-- MATERIAL FOR THE TASK follows --
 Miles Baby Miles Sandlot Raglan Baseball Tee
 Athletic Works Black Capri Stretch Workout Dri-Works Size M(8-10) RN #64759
-- MATERIAL FOR THE TASK concluded --
-- MATERIAL FOR THE TASK follows --
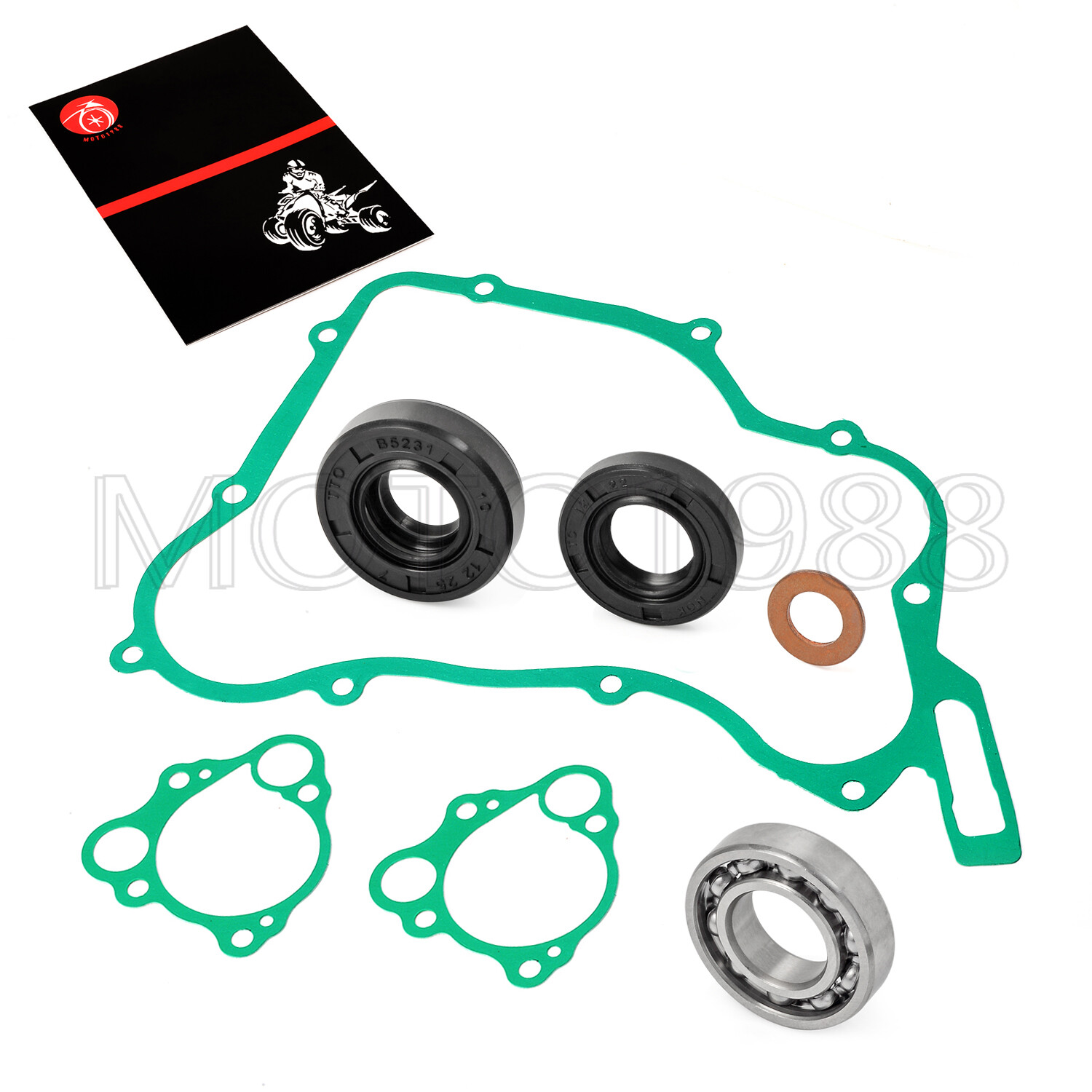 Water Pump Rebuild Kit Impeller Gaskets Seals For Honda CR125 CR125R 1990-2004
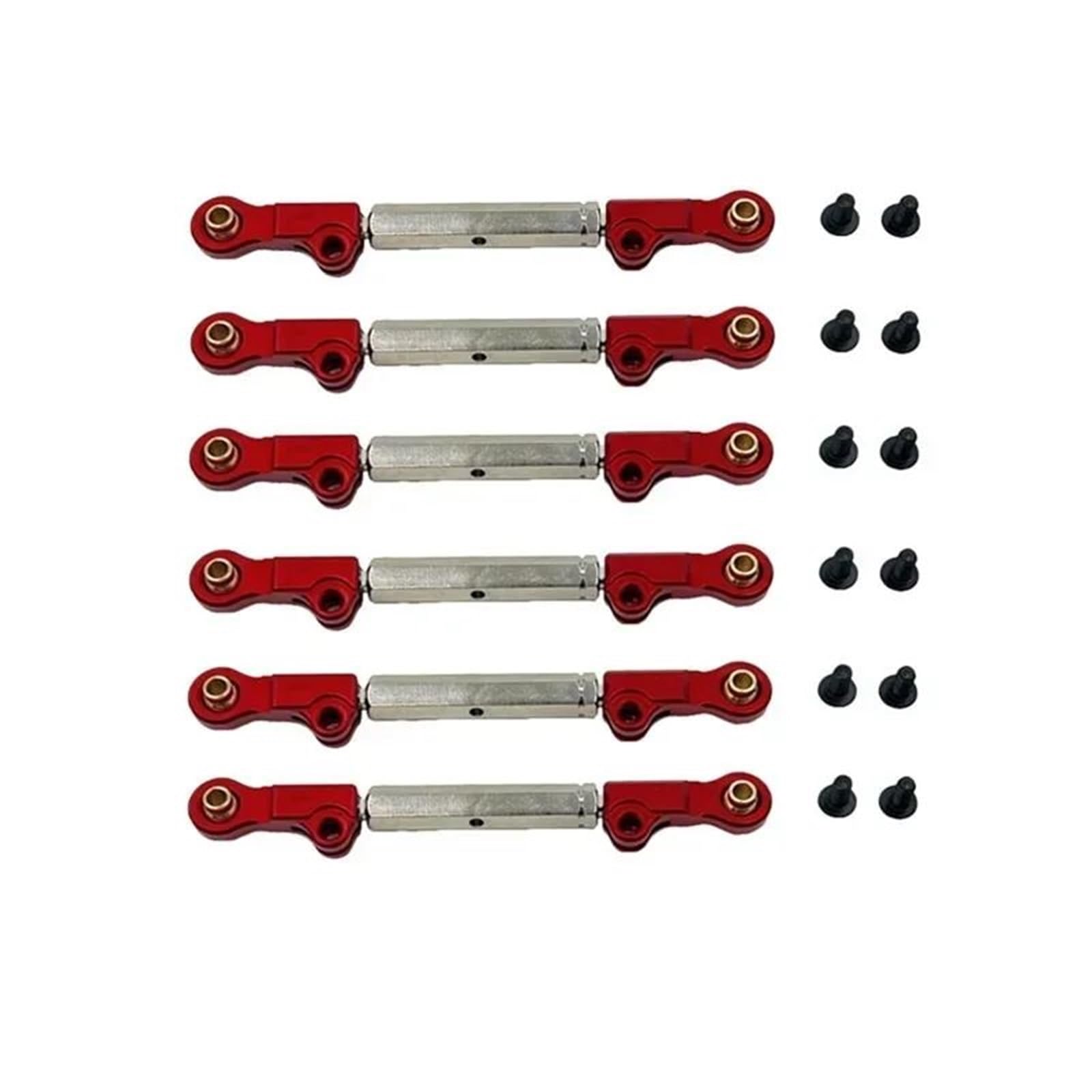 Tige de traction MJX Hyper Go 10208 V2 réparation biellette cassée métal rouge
-- MATERIAL FOR THE TASK concluded --
-- MATERIAL FOR THE TASK follows --
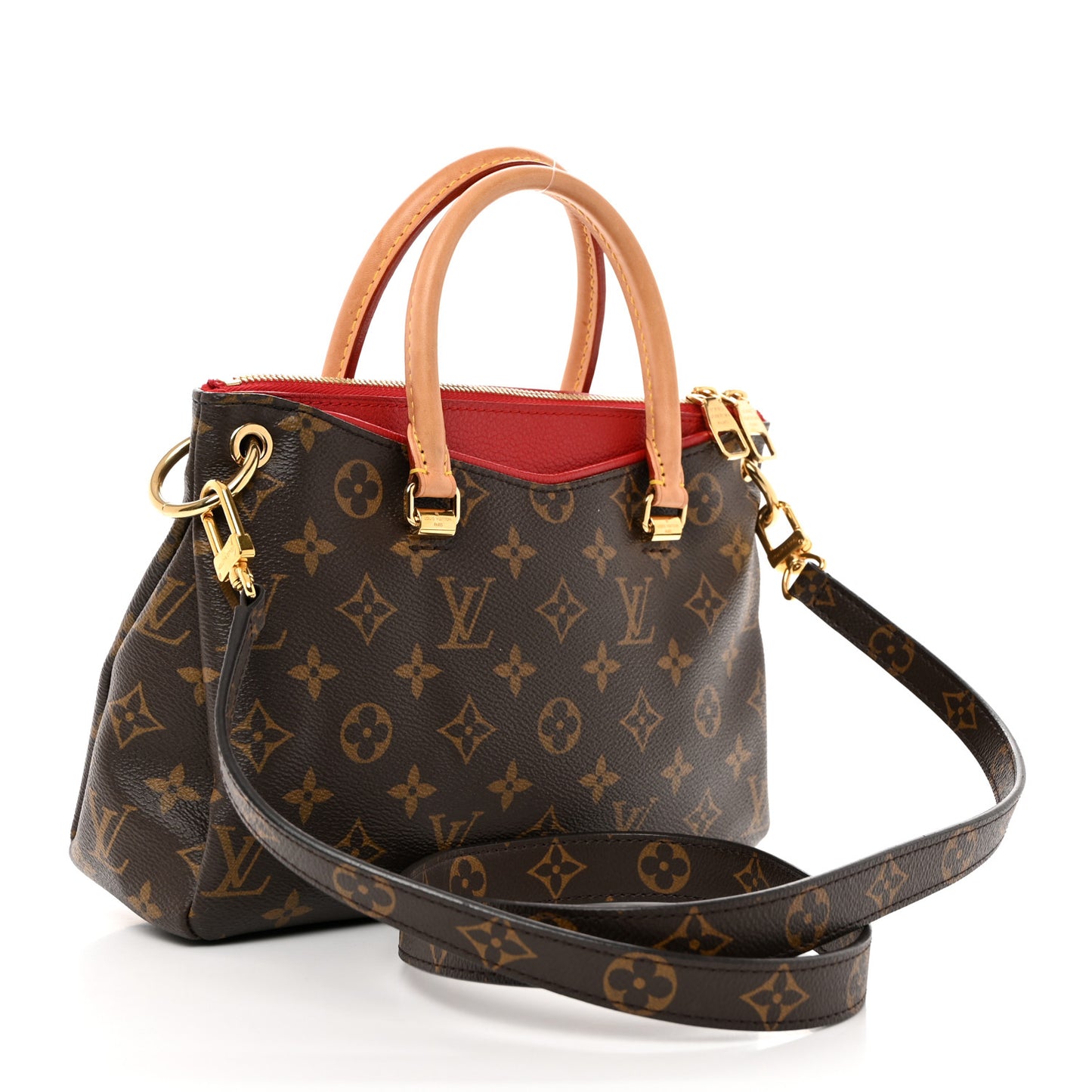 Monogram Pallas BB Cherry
-- MATERIAL FOR THE TASK concluded --
Give back exactly the lines above starting at the line where "Miles Baby Miles Sandlot Raglan Baseball Tee" appears and ending at the line where "Athletic Works Black" appears, both included, with no other lines.

 Miles Baby Miles Sandlot Raglan Baseball Tee
 Athletic Works Black Capri Stretch Workout Dri-Works Size M(8-10) RN #64759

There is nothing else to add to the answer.